Artist's impression of the James Webb Space Telescope (Image: NASA)
One of the most reliable digital video recorders ever engineered was delivered to the team building NASA's James Webb Space Telescope (JWST) this week.
In the depths of space, 1.5 million kilometres from the Earth, the telescope will scan the heavens in the infrared, sucking in light the most distant stars and galaxies emitted 13.5 billion years ago. But that far from Earth, it cannot continuously stream data to NASA's network of ground stations. So to make sure scientists get to see the images harvested by the JWST's huge 6.5 metre mirror, the image data has to be stored on board until it can be downloaded to the ground stations of NASA's "deep space network" in a four-hour window once every 12 hours - and in 60 gigabyte bursts fired straight out of the recorder.
This week, Chris Miller and colleagues at SEAKR Engineering in Centennial, Colorado, delivered a deep-space-qualified solid state recorder (SSR) - a cosmic TiVo box if you like - to the firm building JWST, Northrop Grumman of Redondo Beach, California - which also makes the giant Global Hawk surveillance drone. "Operating like a digital video recorder, the SSR records all science data and engineering state-of-health telemetry for the observatory 24 hours a day, seven days a week," says Northrop Grumman in a statement.

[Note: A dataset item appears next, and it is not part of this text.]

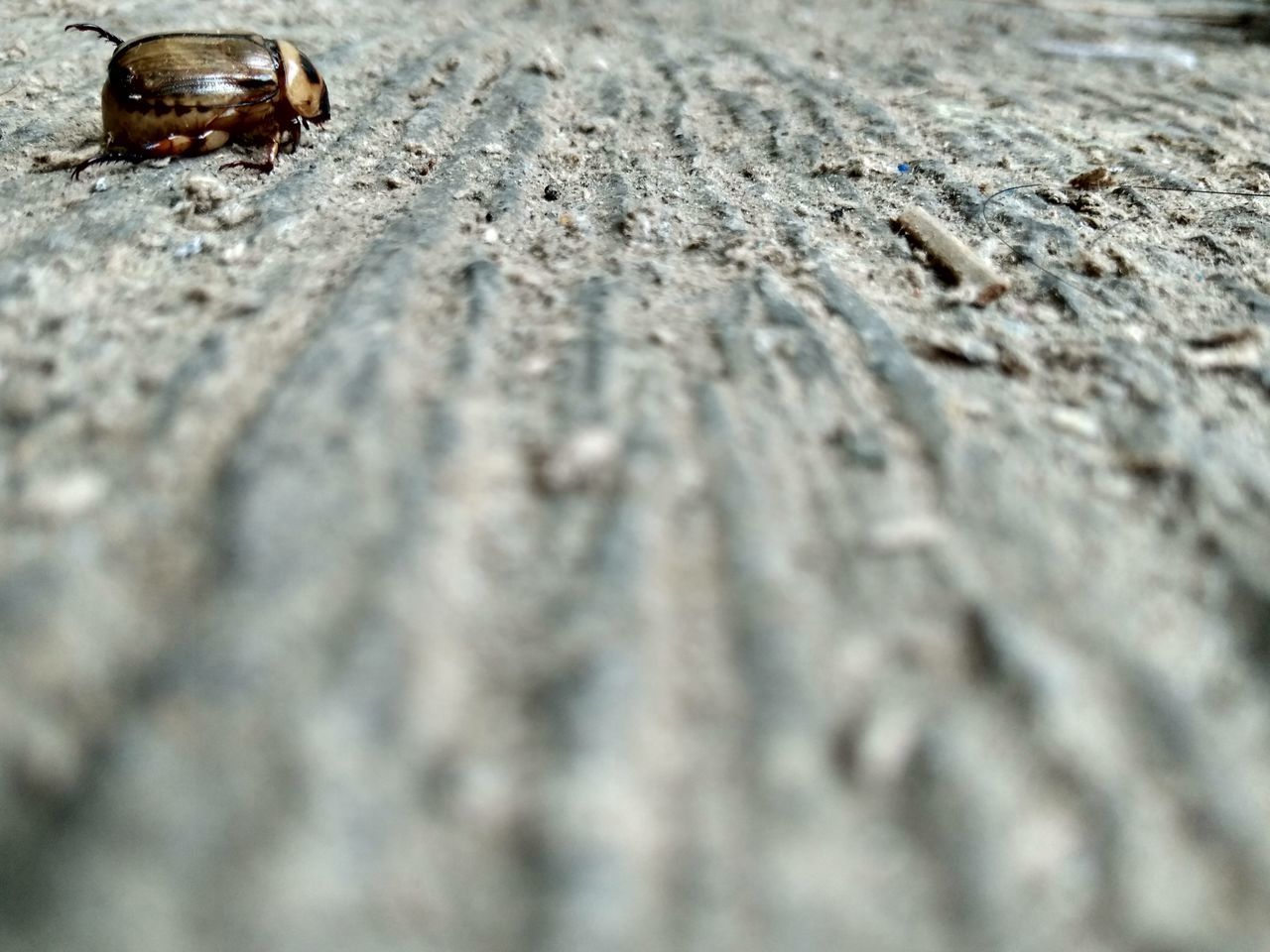 CLOSE-UP OF INSECT ON GROUND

Designing the SSR was a particular challenge because the memory chips at the heart of it are highly vulnerable to corruption by cosmic ray protons, which can bitflip stored binary zeroes to ones (and vice versa) as they tear through its transistors. Apart from using shielding and radiation hardened semiconductors, the SSR also uses ultra-smart error correction software to maintain data accuracy, says Miller.
"An Error Detection and Correction?code is appended to the science data when it is recorded and then recomputed and checked against the stored data upon playback of the data from memory," explains Miller. So errors can be fixed on either playback or beforehand - when the data is simply sitting in memory.
SEAKR is so confident in its engineering of the SSR it sees no need to have a backup SSR unit on board the JWST, saying there are no problems it could suffer that it can't fix itself. In the jargon, it's "single-point failure immune" Miller says.
We can only hope he's right. At 1.5 million kilometres from Earth, the telescope is too far away for any human service mission to reach.